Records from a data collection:
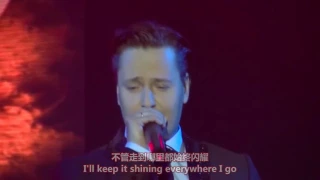 VITAS_You're My Heart, You're My Soul_Xi'an_November 13_2016_"Come Just For You"_China Tour 2016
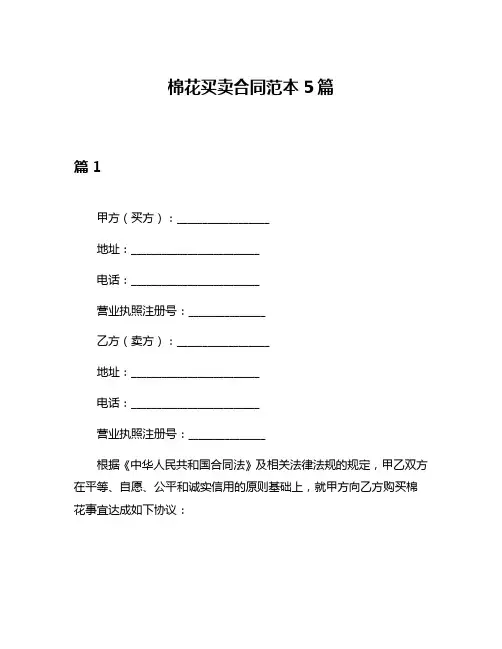 棉花买卖合同范本5篇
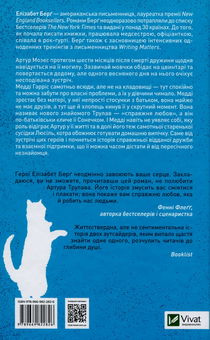Бумажная книга «Історія Артура Трулава», автор Элизабет Берг - фото №3 - миниатюра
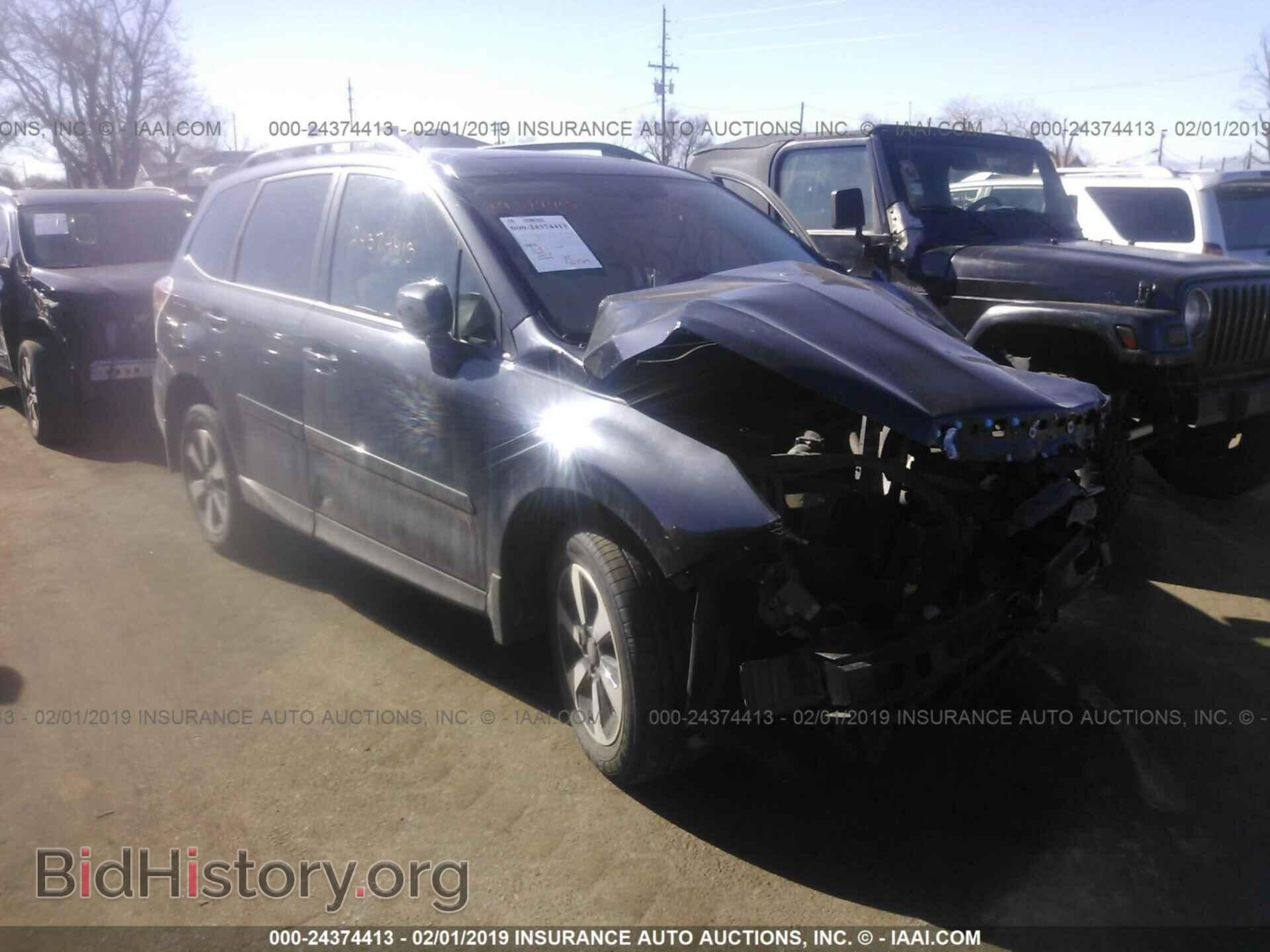 Photo JF2SJADC7HH464496 - SUBARU FORESTER 2017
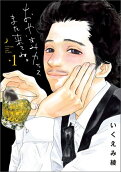 1권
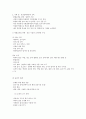 특수아교육 E형 청각장애, 지체 및 건강장애의 개념, 원인, 특성, 판별 및 평가 방법, 교육 방안 15페이지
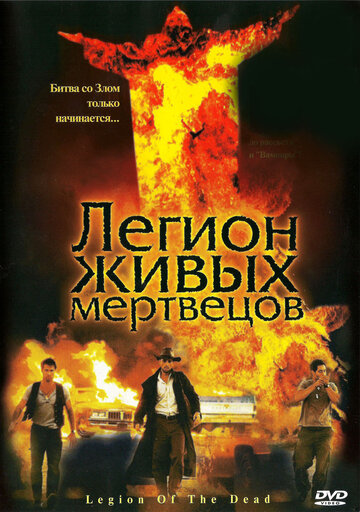 Легион живых мертвецов || Legion of the Dead (2001)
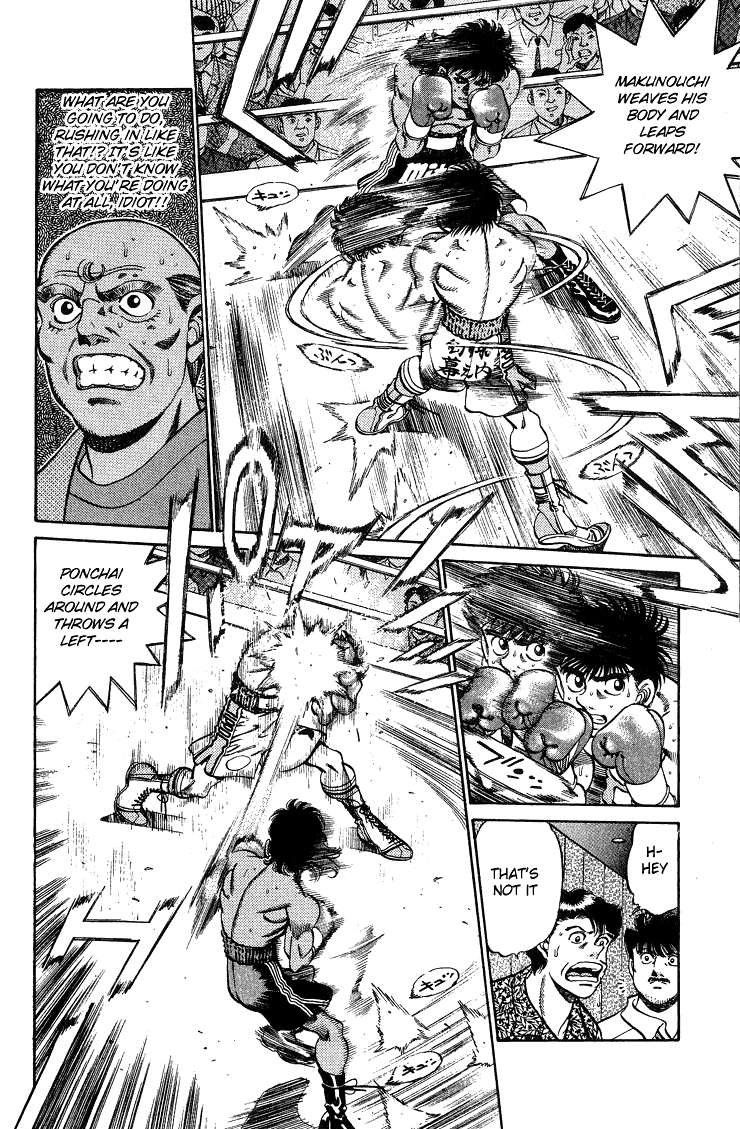 Hajime no Ippo Chapter 213 — page 6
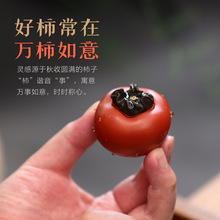 2024年批发宜兴原矿紫砂小柿子茶宠可养工艺品摆件水果茶具小茶玩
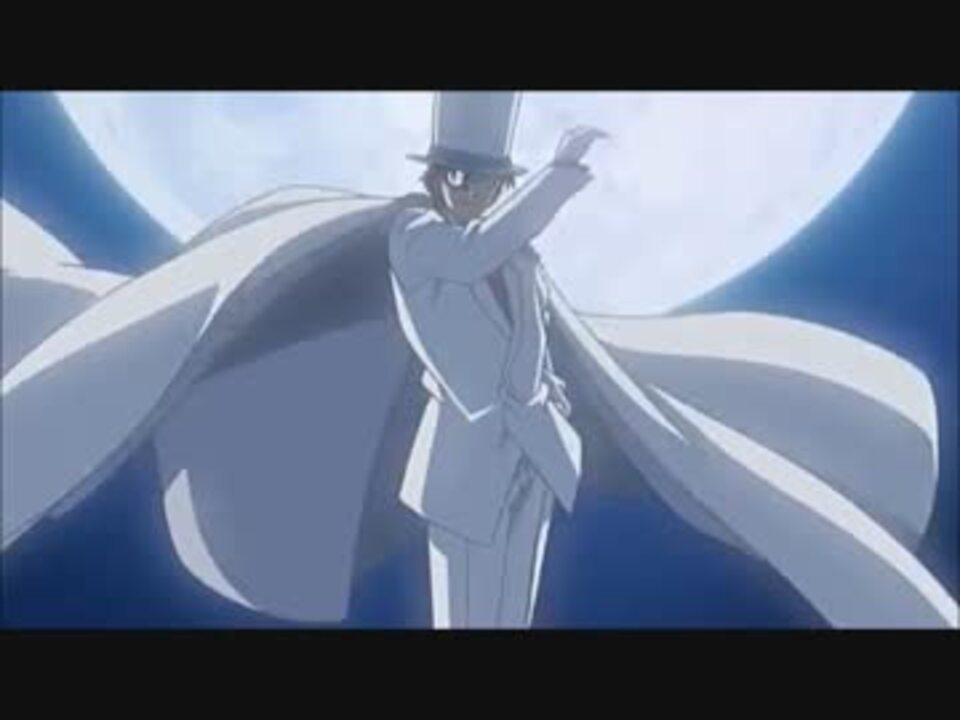 人気の 名探偵コナン 怪盗キッド アニメ 動画 109本 2 ニコニコ動画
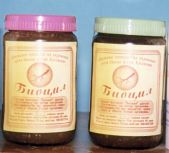 biocil2.jpg (6561 bytes)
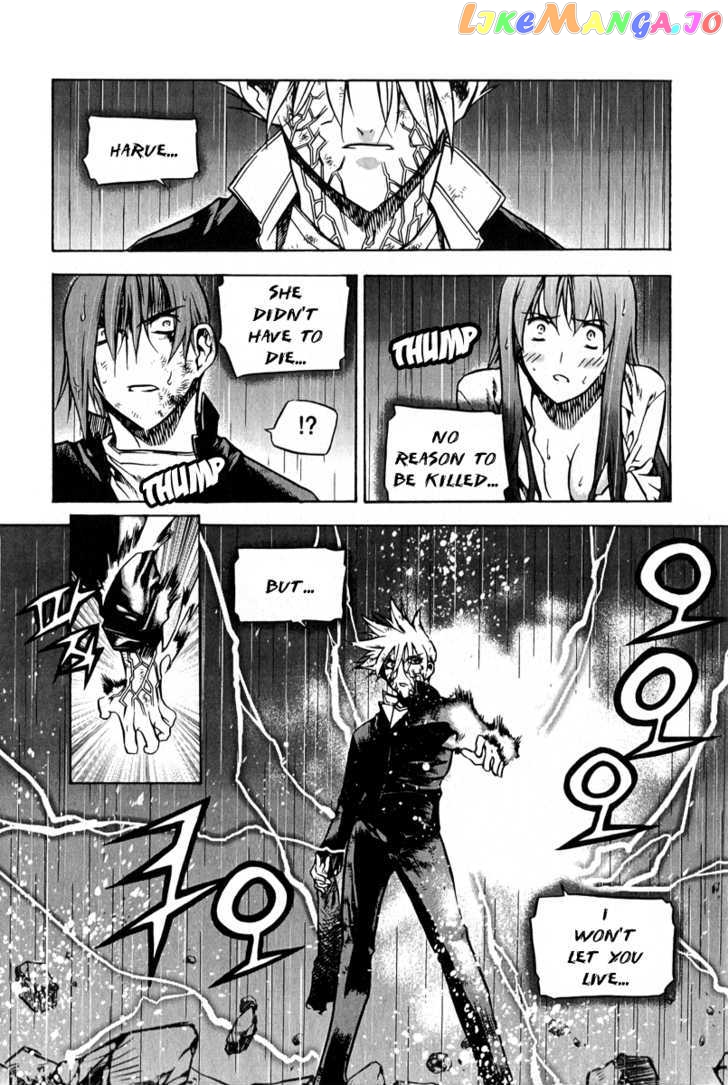 Zero - Manga chapter 54 - page 6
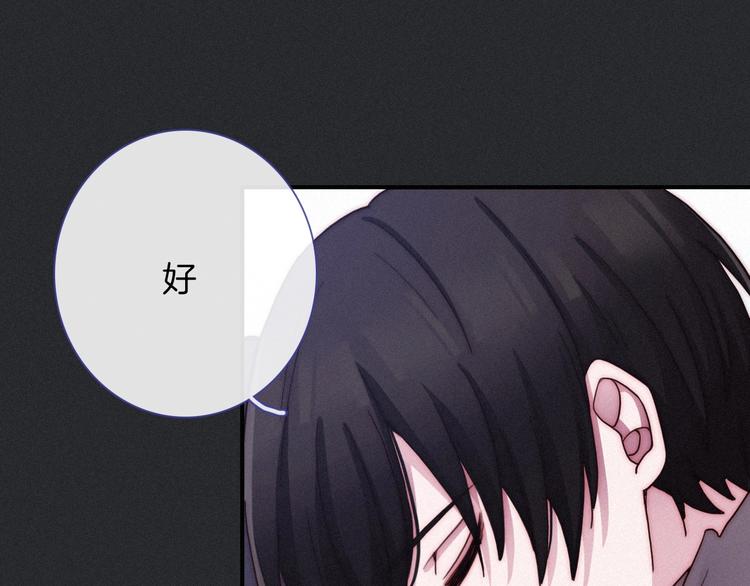 第39话 柔软的寂寞45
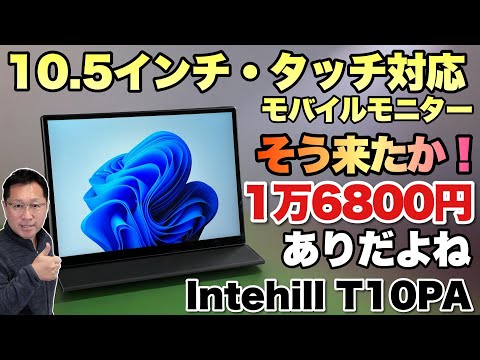 Macも対応！】10.5インチの小型だけど使いやすいモバイルモニターは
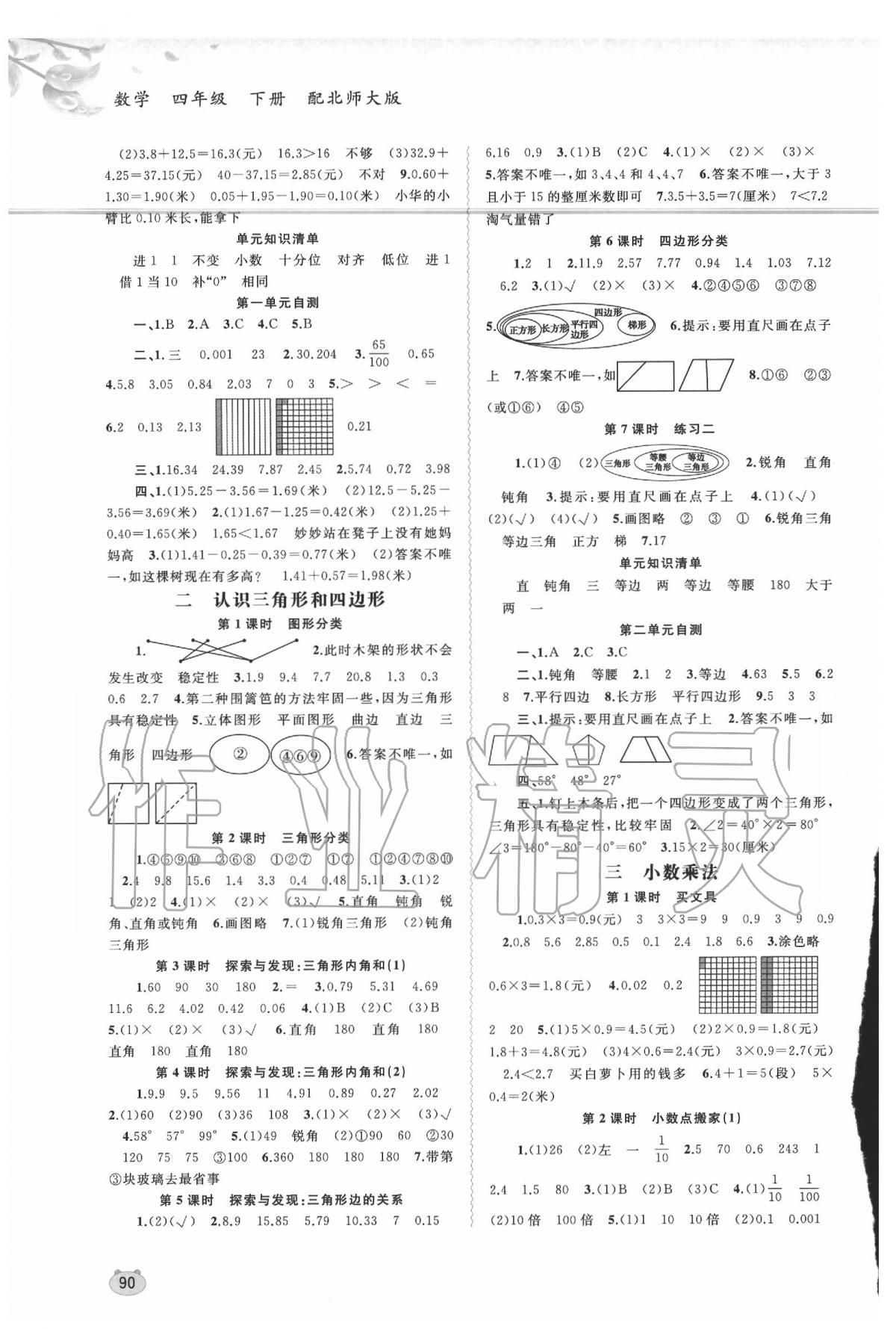 2020年新課程學(xué)習(xí)與測(cè)評(píng)同步學(xué)習(xí)四年級(jí)數(shù)學(xué)下冊(cè)北師大版 第2頁(yè)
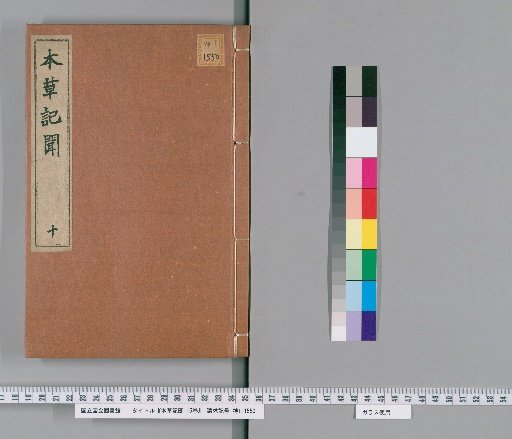 Records of the Materia Medica, Volume 15 [10]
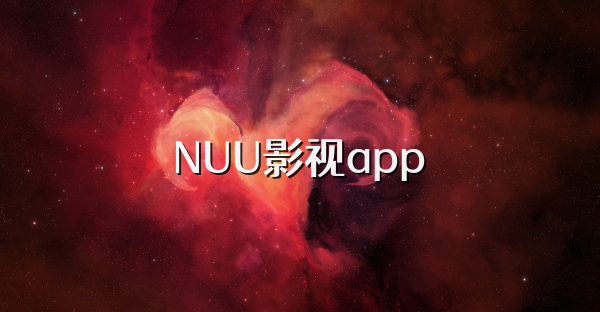 NUU影視app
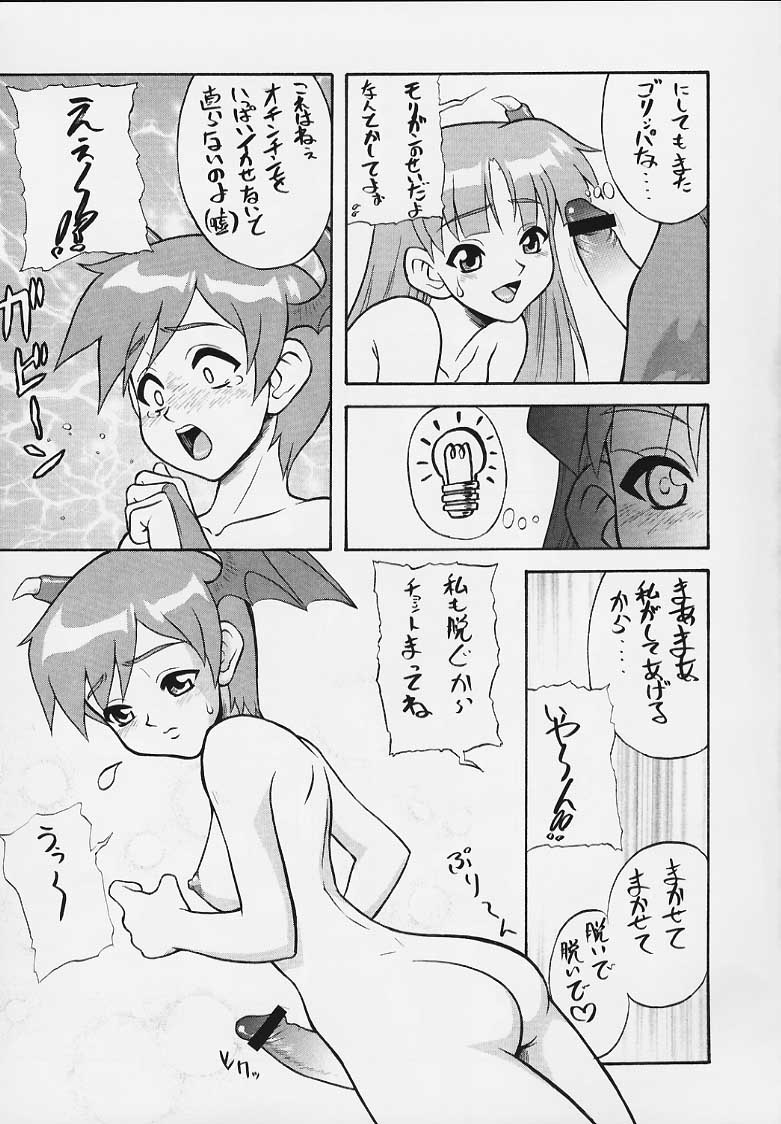 Tariki Hongan page 7 full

Work order: All lines from the one containing "특수아교육 E형 청각장애, 지체" to the end of the entries should appear in the output exactly as written, with no pictures.

Output of the exercise:
 특수아교육 E형 청각장애, 지체 및 건강장애의 개념, 원인, 특성, 판별 및 평가 방법, 교육 방안 15페이지
 Легион живых мертвецов || Legion of the Dead (2001)
 Hajime no Ippo Chapter 213 — page 6
 2024年批发宜兴原矿紫砂小柿子茶宠可养工艺品摆件水果茶具小茶玩
 人気の 名探偵コナン 怪盗キッド アニメ 動画 109本 2 ニコニコ動画
 biocil2.jpg (6561 bytes)
 Zero - Manga chapter 54 - page 6
 第39话 柔软的寂寞45
 Macも対応！】10.5インチの小型だけど使いやすいモバイルモニターは
 2020年新課程學(xué)習(xí)與測(cè)評(píng)同步學(xué)習(xí)四年級(jí)數(shù)學(xué)下冊(cè)北師大版 第2頁(yè)
 Records of the Materia Medica, Volume 15 [10]
 NUU影視app
 Tariki Hongan page 7 full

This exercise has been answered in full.